**DATASET:**
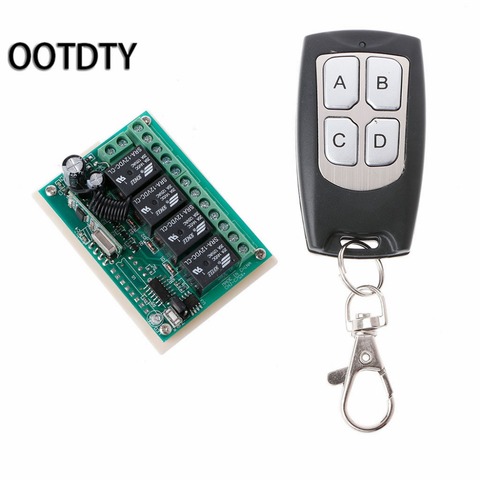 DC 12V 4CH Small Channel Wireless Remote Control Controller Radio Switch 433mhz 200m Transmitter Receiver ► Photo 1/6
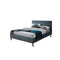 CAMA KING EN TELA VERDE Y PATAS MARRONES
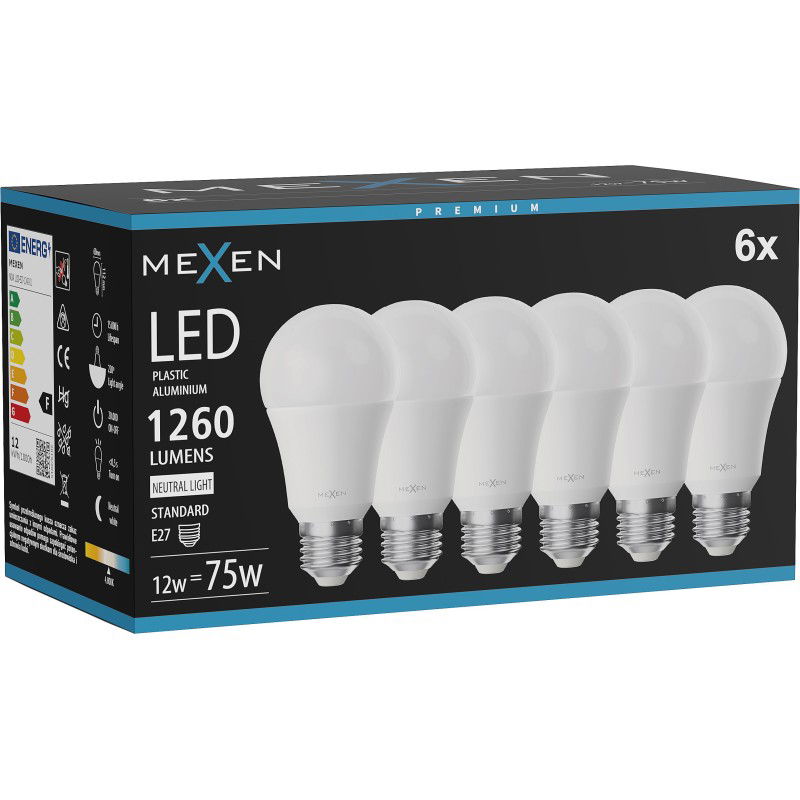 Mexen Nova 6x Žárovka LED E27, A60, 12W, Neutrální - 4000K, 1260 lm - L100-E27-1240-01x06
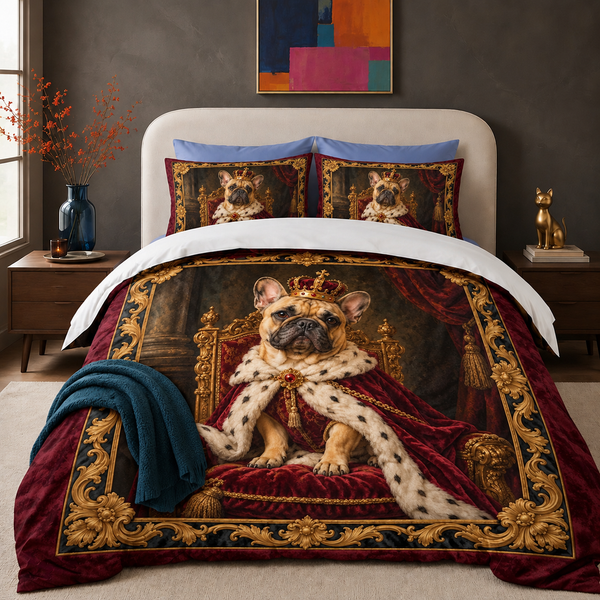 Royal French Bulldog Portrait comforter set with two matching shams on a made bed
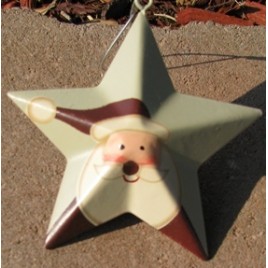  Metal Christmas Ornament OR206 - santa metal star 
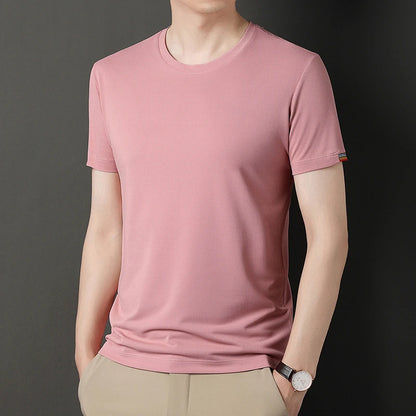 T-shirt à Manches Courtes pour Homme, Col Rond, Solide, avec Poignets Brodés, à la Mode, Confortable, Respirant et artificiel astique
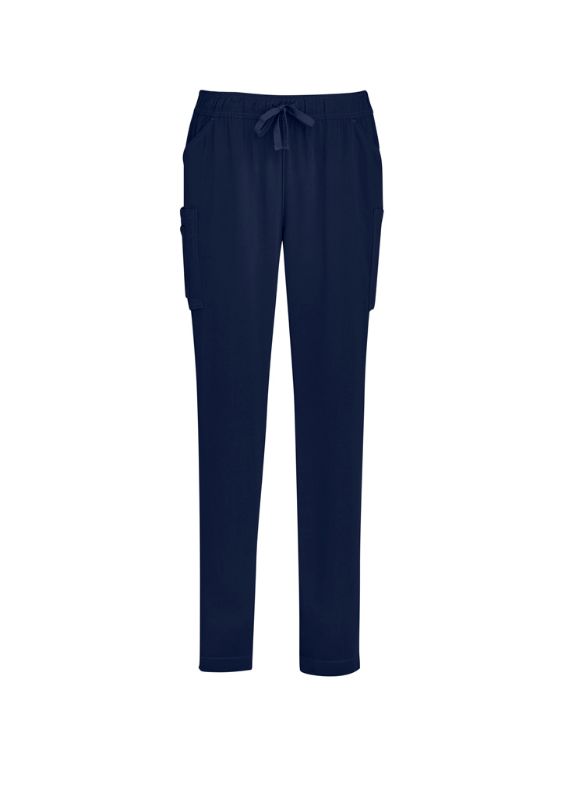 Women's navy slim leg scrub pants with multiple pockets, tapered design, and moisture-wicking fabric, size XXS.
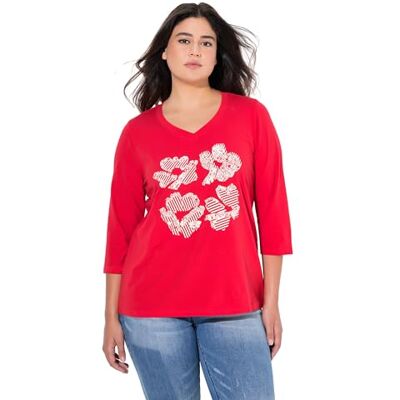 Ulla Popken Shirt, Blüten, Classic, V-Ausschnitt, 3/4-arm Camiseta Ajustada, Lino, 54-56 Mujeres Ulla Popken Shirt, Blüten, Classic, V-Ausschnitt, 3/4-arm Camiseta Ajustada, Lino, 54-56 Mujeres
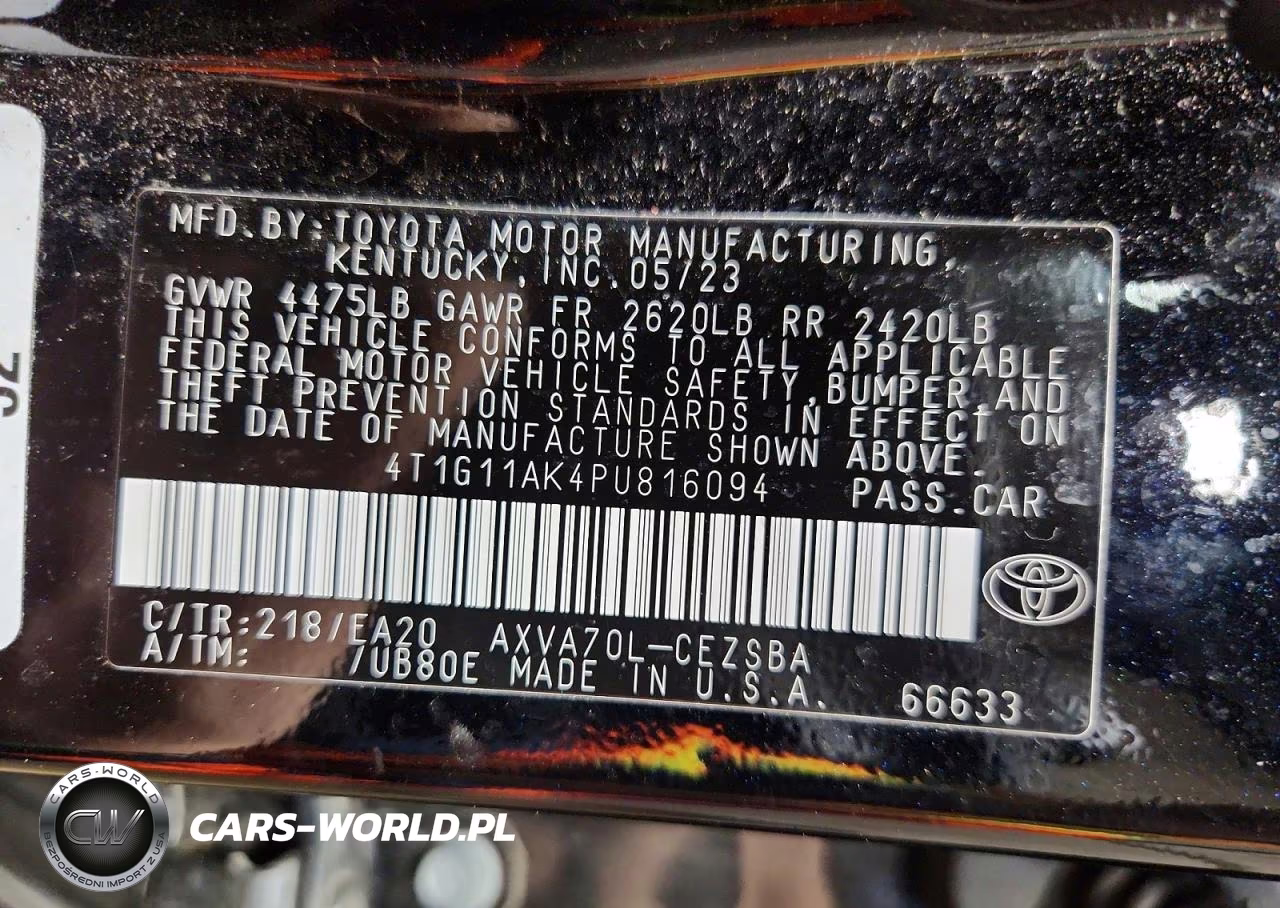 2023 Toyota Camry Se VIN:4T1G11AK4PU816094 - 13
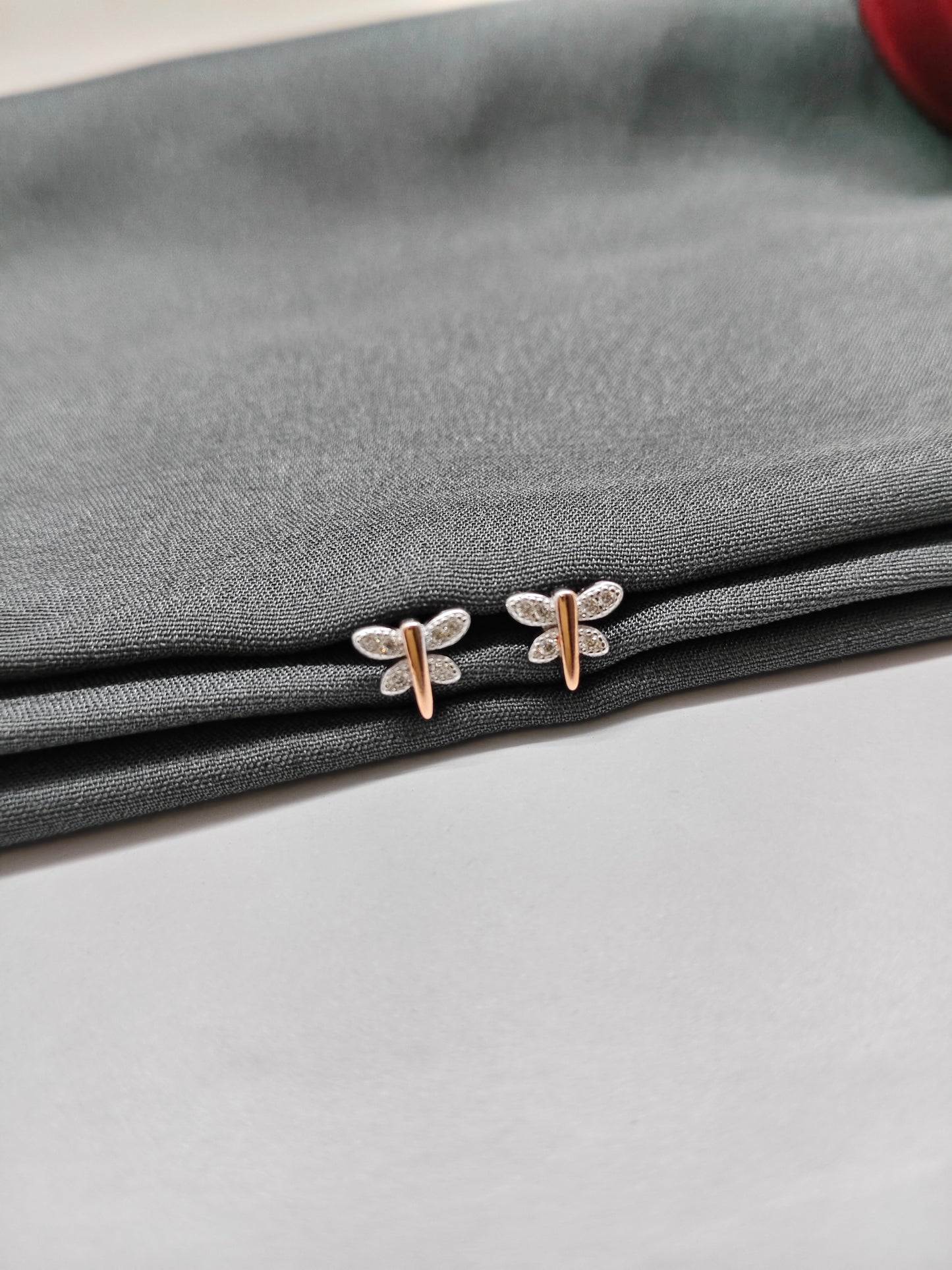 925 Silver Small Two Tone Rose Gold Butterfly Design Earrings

**DIRECTIONS FOR THIS TASK:** Transcribe, word for word, only the material from its opening line through the line containing "Mexen Nova 6x", both ends included, and omit the pictures.

**ANSWER TO THE PROBLEM:**
 DC 12V 4CH Small Channel Wireless Remote Control Controller Radio Switch 433mhz 200m Transmitter Receiver ► Photo 1/6
 CAMA KING EN TELA VERDE Y PATAS MARRONES
 Mexen Nova 6x Žárovka LED E27, A60, 12W, Neutrální - 4000K, 1260 lm - L100-E27-1240-01x06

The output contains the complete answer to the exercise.